また専門的なグリーフケア士ではなくても、周囲の人に自分の気持ちを伝えてみましょう。そこでは、「我慢しない」「頑張らない」「泣くことを恥ずかしいことと思わない」といったことも大切です。
悲しみを表現することは悪いことでもありませんし、それは自分自身を労わることでもあります。自分の感情に蓋をしてしまう人もいるかと思いますが、感情を表に出すことで心の回復ができます。
葬儀や供養の大切さ
日本では過去に、多くの犠牲者を出した「第二次世界大戦」や、列島を襲った「東日本大震災」がありました。そこでは思ってもいなかった大切な人の死に直面した人が多かったことでしょう。
そして、その人を看取れなかったり、納得がいく葬儀ができなかったことで、グリーフ反応が出る場合があります。葬儀とは故人のためはもちろん、今を生きる残された人にとっても重要で意味のある儀式です。 葬儀は、残された人が大切な人を失った悲しみの心を癒し、気持ちの整理をして死を受け入れる大切な機会です。そして命の大切さや死というものへの理解を深める場、また家族や親族、友人などが集まって絆を深める場としての意味も持っています。このように葬儀を行うことによっても、悲しみを乗り越えることができます。

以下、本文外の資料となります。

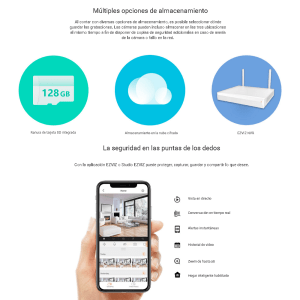 CÁMARA WIFI IP 1080P C3W CS-CV310-A0-1B2WFR EXTERNA AUDIO EZVIZ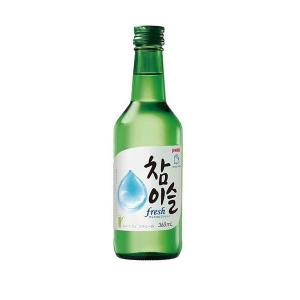 5/25限定+3％ あすつく 眞露 JINRO チャミスル 16.9度 360ml 1本｜liquor-boss1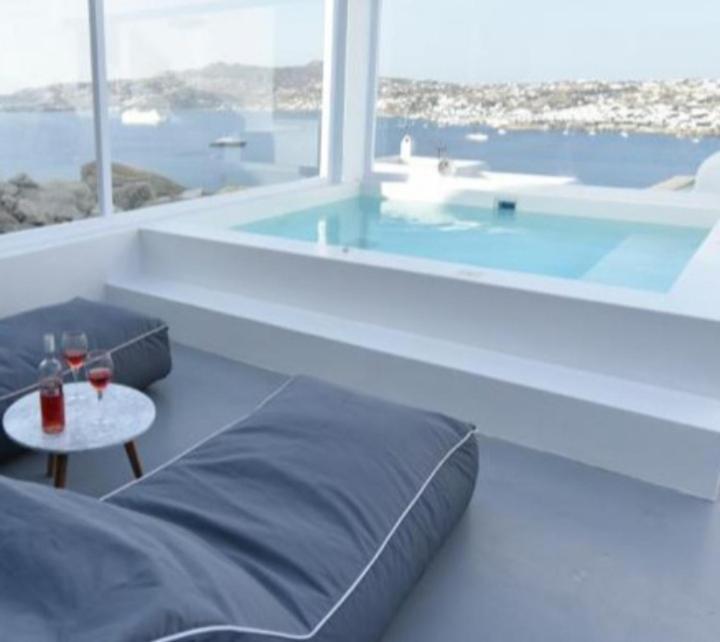 Mykonos Point Luxury Villas Mykonos Town Exteriör bild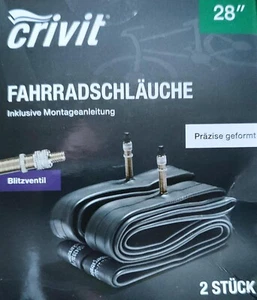 Crivit Fahrradschlauch 28 Blitzventil 2 Stück - Bild 1 von 2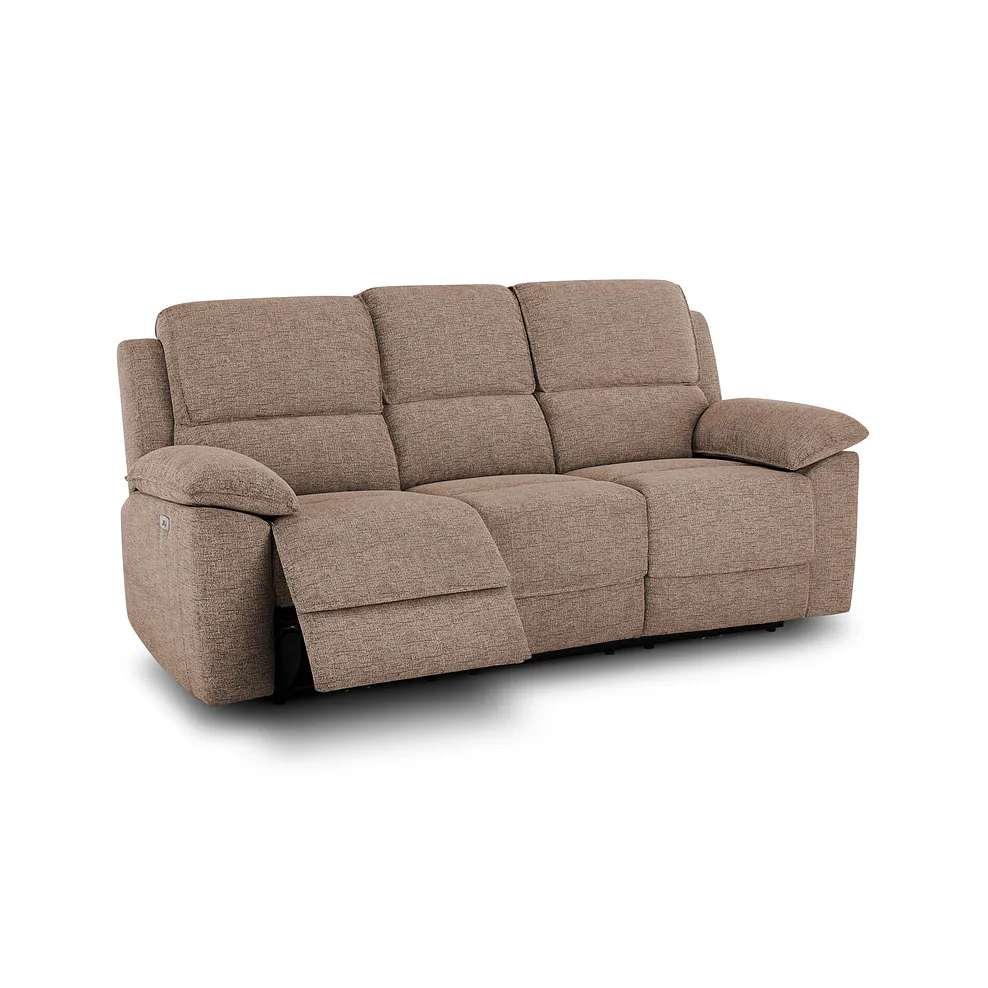 Goodwood Dorset Beige 3 Seater Electric Recliner Sofa 3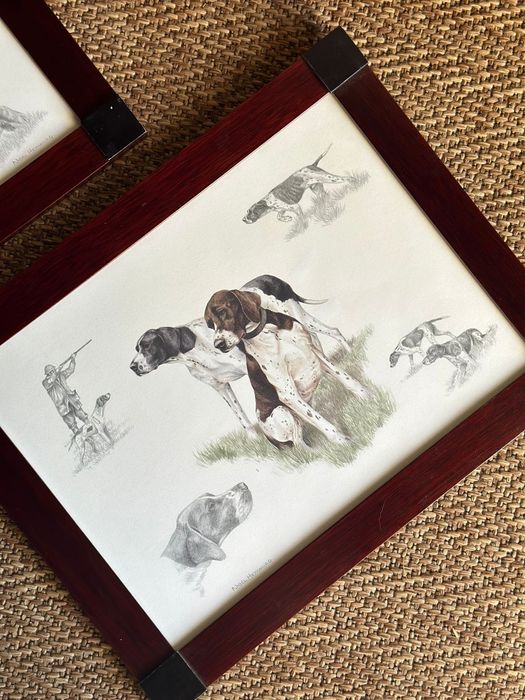 Dog Paintings: Setters and Pointers446032999130736641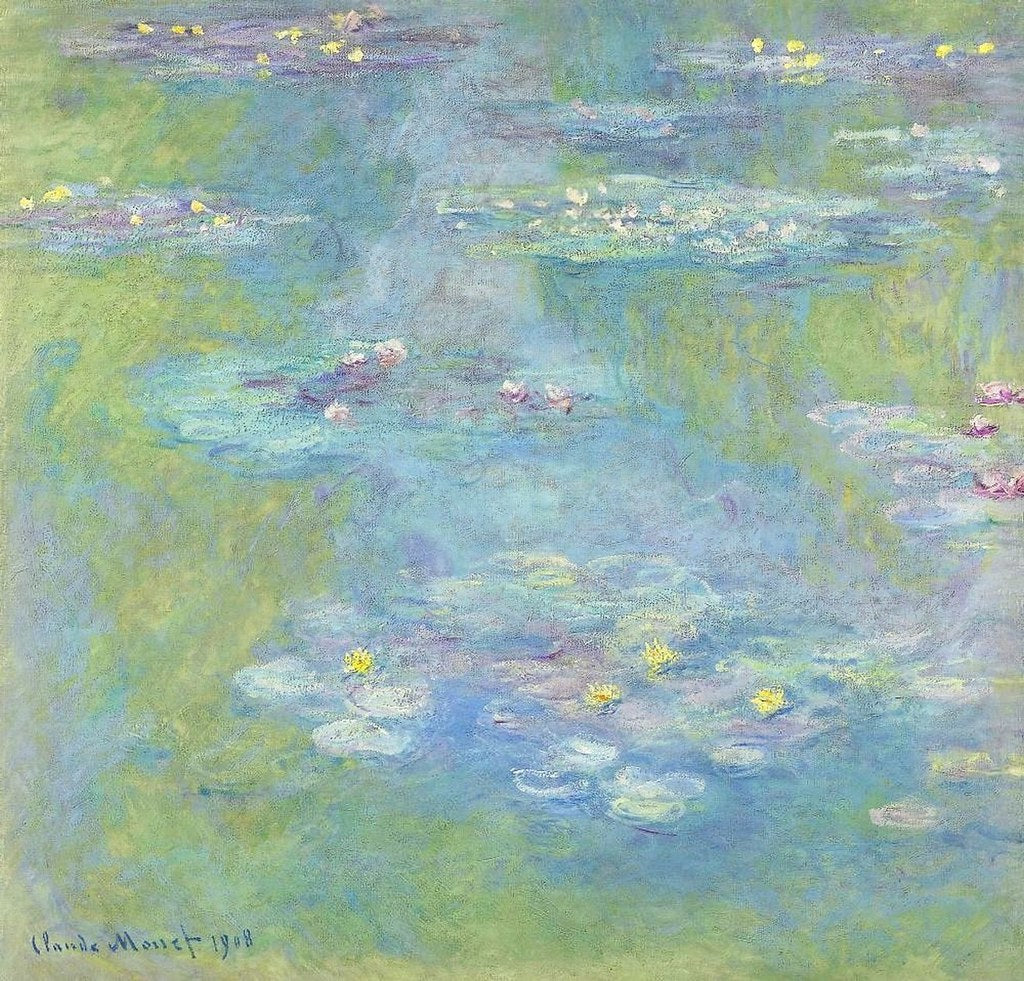 ☀️ 睡蓮, 1908年 – クロード・モネ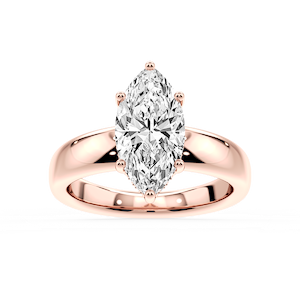 Gloria Marquise Lab Grown Diamond Hidden Halo Engagement Ring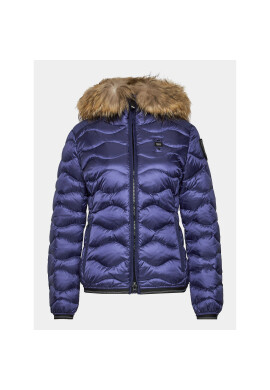 Blauer Пухено яке 23WBLDC03093 Виолетов Regular Fit - Pepit.bg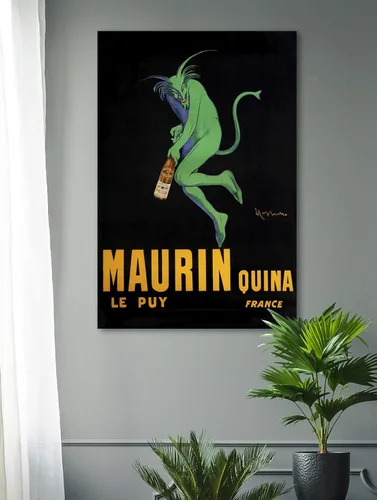 Miniatura 2 de Impresión en Lienzo Arte de Pared - Póster Vintage de Vino Francés Maurin Quina por Plakat Cappiello - 12x18 pulgadas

また、供養も大切です。供養とは故人の冥福を祈り、故人に対して敬いや感謝の気持ちを送ることです。また特定の故人だけではなく、その人の先祖も供養することでもあります。死を遡ることによって、私たちの生命の源を辿ったり、個々としての生き物ではなくひとつの生命として生きていることが実感できるかもしれません。それは大切な人を失った悲しみが癒え、自分を再発見し、これからの人生を前向きに生きていく糧となることでしょう。そしてグリーフケアにも繋がります。
そして大切な人を失うことはとても悲しいことですが、何よりも「自分を指針」として生きることが重要です。たとえ悲しみといった闇の中にいたとしても、自分自身の光、そして真意が拠り所となります。これは釈迦が最後に伝えたという「自灯明」(自らを拠り所にせよ)でもあります。
鬼滅の刃からみるグリーフケア
2019年からテレビ放送されている「鬼滅の刃」というアニメはご存じでしょうか。
今や社会現象にもなっていて大ヒットしています。今月12日からは第4期の柱稽古編もスタートしましたね。
鬼滅の刃は主人公である竈門炭治郎の家族が、鬼に殺される話から始まります。また次から次へと大切な人も鬼に殺されていきます。そして炭治郎はその復讐として鬼狩りをする鬼殺隊に入ります。
アニメの第7話で、炭治郎は鬼に恋人を殺された男性に対して「大丈夫ですか?」と声をかけますが、男性は「婚約者を失って大丈夫だと思うか?」と返しました。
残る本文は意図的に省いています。